Captioned web images:
┄┄┄┄┄┄

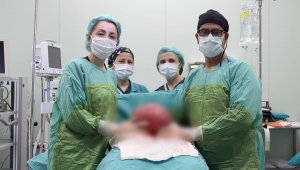 Karabük'te 47 yaşındaki kadından 3 kilo 750 gram ur alındı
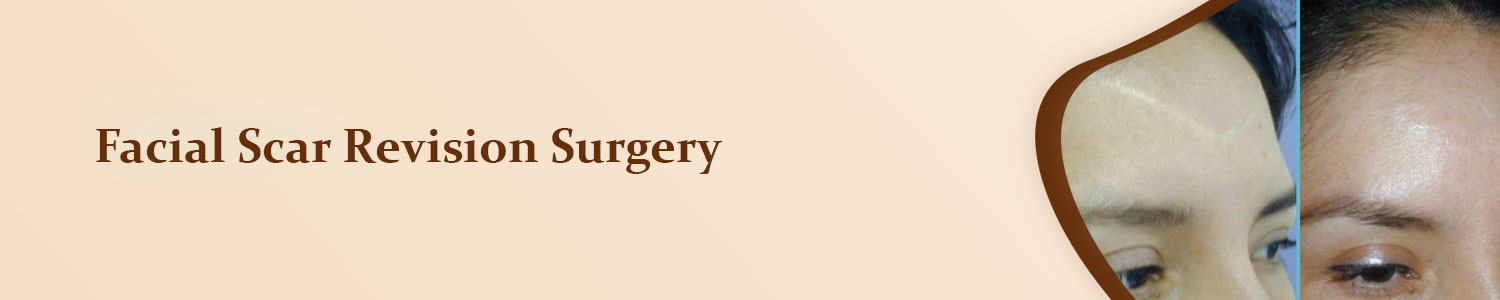 Facial-Scar-Revision-Surgery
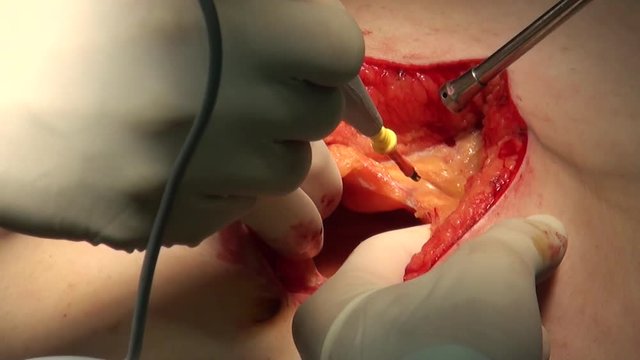 Total gastrectomy. Surgery for stomach cancer, incision on stomach
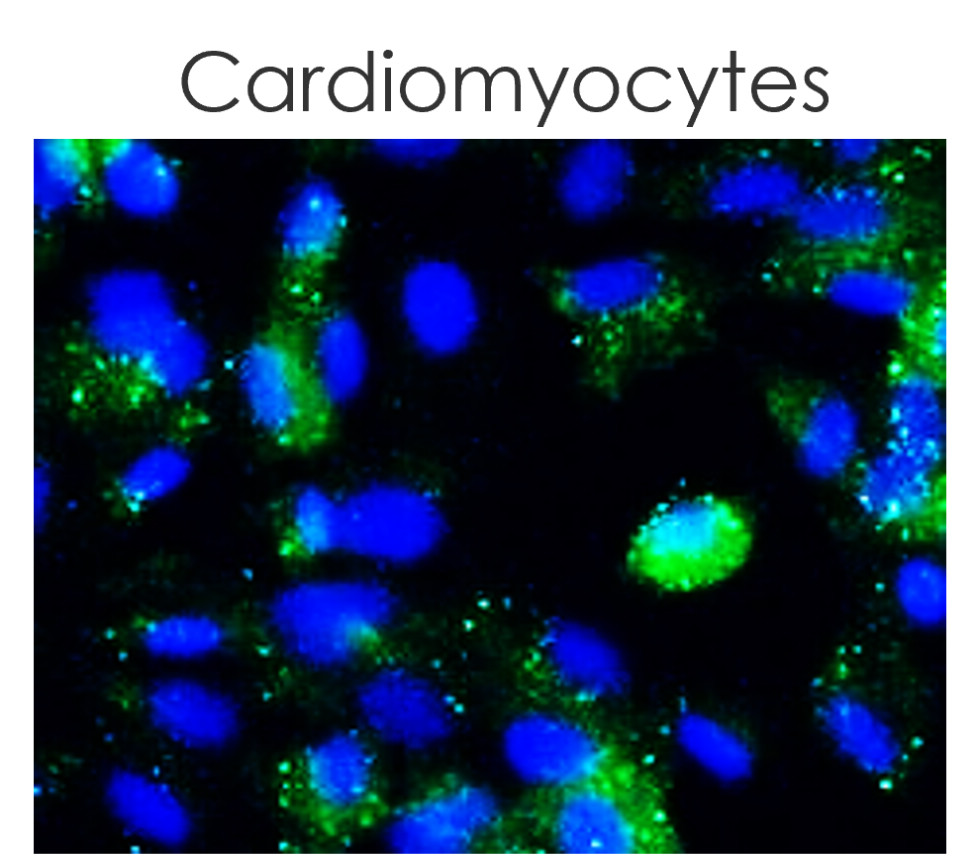 IR84-366 anti-LC3B antibody ICC/IF image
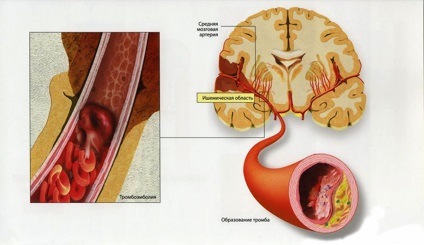 Ateroscleroza arterelor carotide, cauze, simptome, tratament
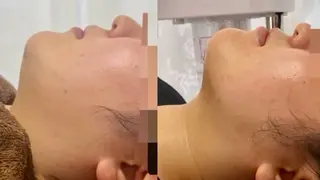 看護師が施術する美容 ナスサロ／小泉のエステ・リラクイメージ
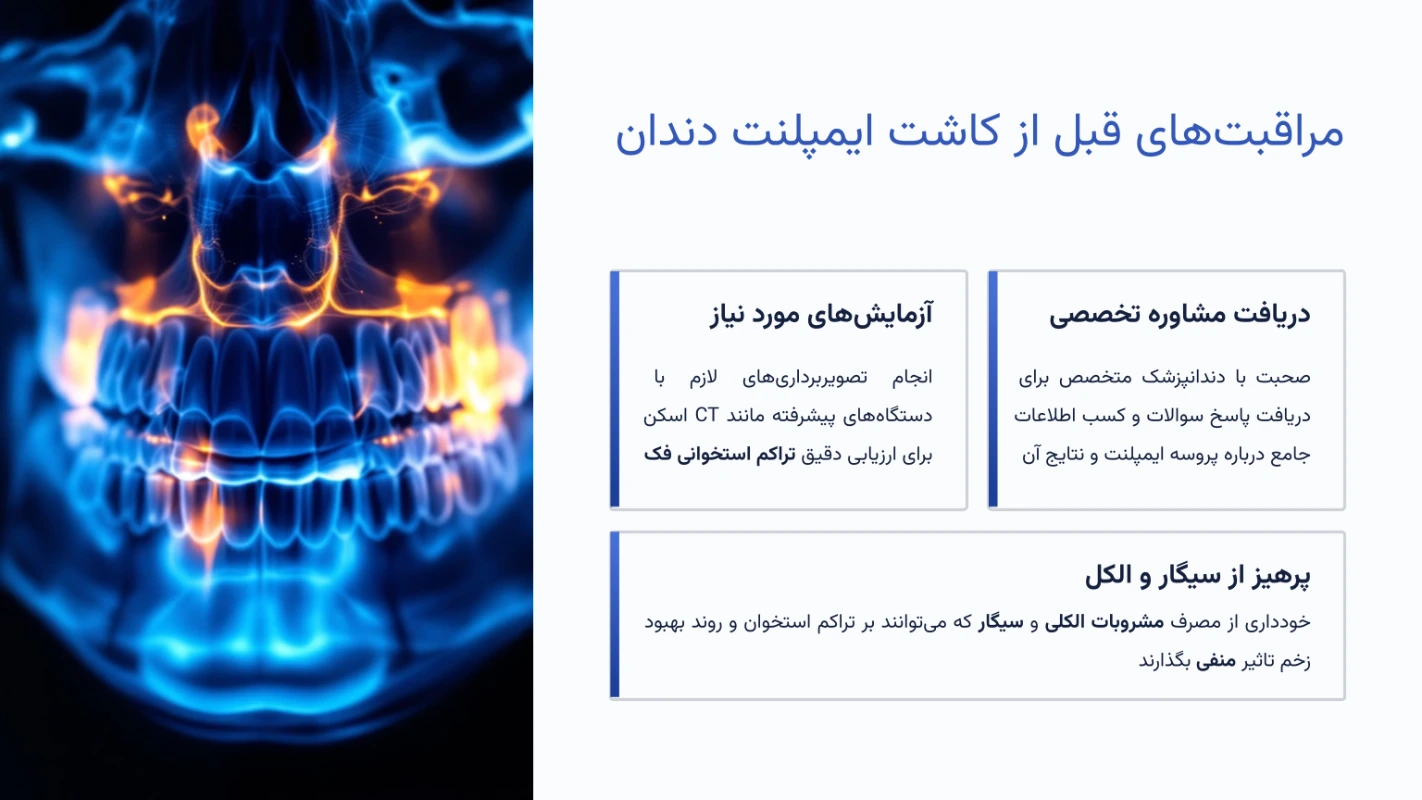 مراقبتهای قبل از کاشت ایمپلنت دندان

┄┄┄┄┄┄

PROBLEM:
From the line that contains "Facial-Scar-Revision-Surgery" to the final line of the entries, reproduce every line exactly, both ends included. Leave out all pictures.

REPLY:
 Facial-Scar-Revision-Surgery
 Total gastrectomy. Surgery for stomach cancer, incision on stomach
 IR84-366 anti-LC3B antibody ICC/IF image
 Ateroscleroza arterelor carotide, cauze, simptome, tratament
 看護師が施術する美容 ナスサロ／小泉のエステ・リラクイメージ
 مراقبتهای قبل از کاشت ایمپلنت دندان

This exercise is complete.